** Opening SUPPLIED RECORDS block **

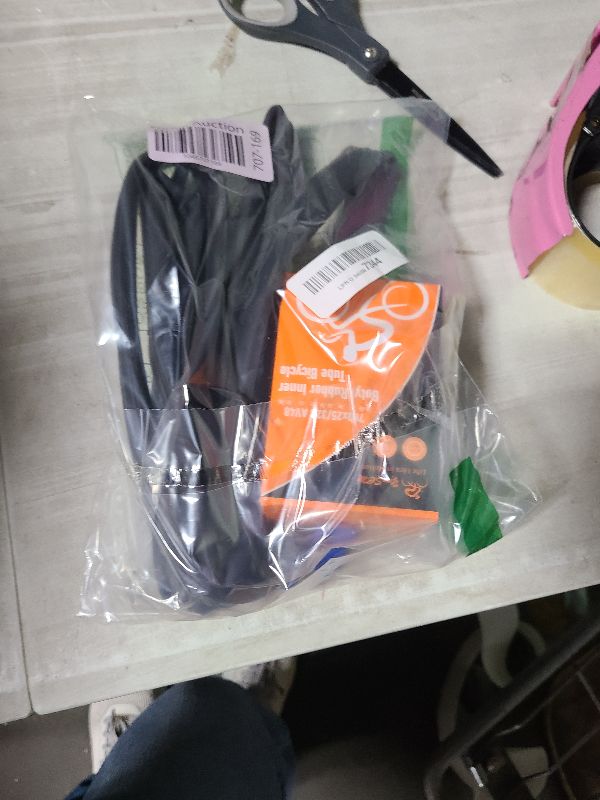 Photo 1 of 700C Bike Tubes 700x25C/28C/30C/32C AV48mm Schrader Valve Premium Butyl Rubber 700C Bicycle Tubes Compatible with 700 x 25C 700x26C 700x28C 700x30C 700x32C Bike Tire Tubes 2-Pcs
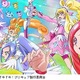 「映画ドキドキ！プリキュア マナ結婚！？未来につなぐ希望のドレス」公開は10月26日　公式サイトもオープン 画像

** Closing SUPPLIED RECORDS block **
** Opening SUPPLIED RECORDS block **

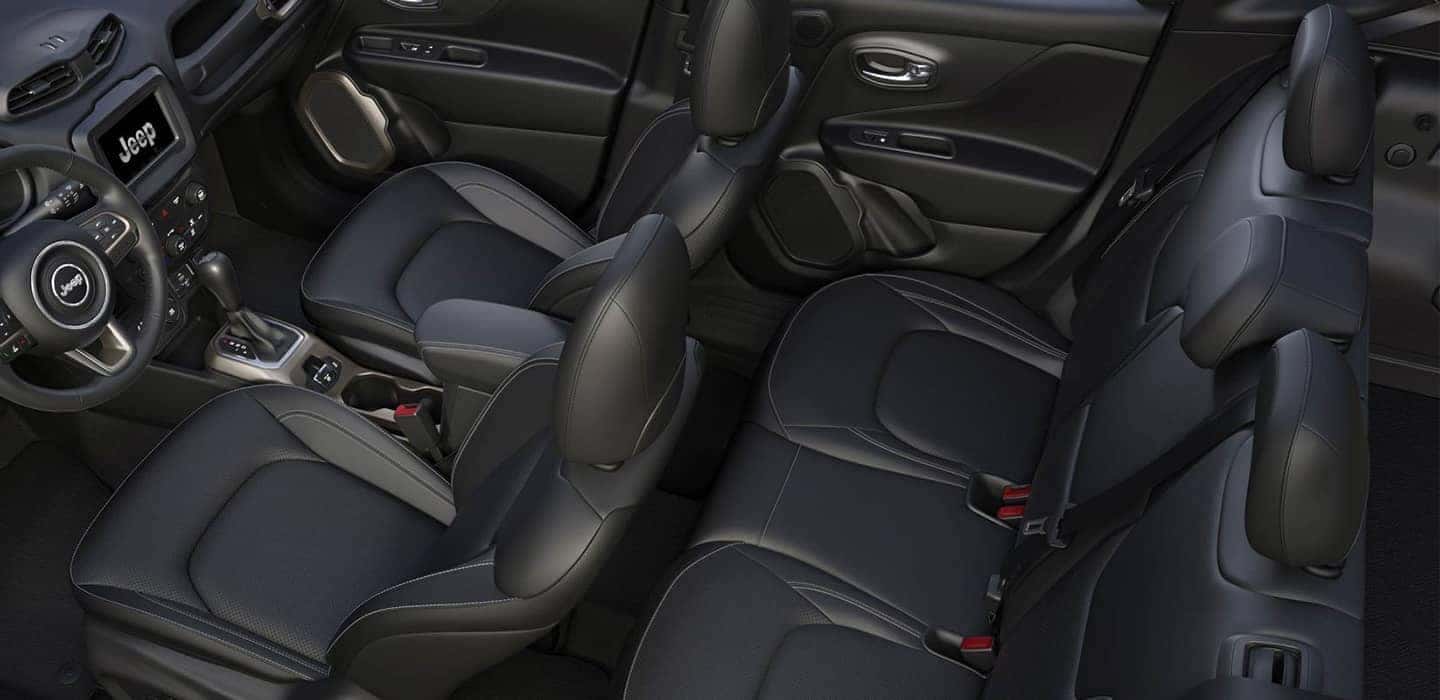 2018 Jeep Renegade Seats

** Closing SUPPLIED RECORDS block **
** Opening SUPPLIED RECORDS block **

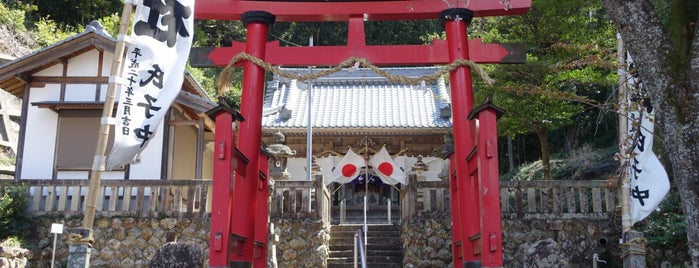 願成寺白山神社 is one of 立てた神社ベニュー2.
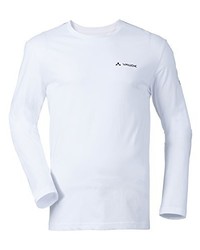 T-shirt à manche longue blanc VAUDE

** Closing SUPPLIED RECORDS block **

▸ WHAT IS NEEDED: Return the lines above from the one with "願成寺白山神社 is one of 立てた神社ベニュー2." through the one with "T-shirt à manche longue blanc VAUDE", verbatim and nothing else. Omit every picture.

▸ ANSWER TO THIS PROBLEM:
 願成寺白山神社 is one of 立てた神社ベニュー2.
 T-shirt à manche longue blanc VAUDE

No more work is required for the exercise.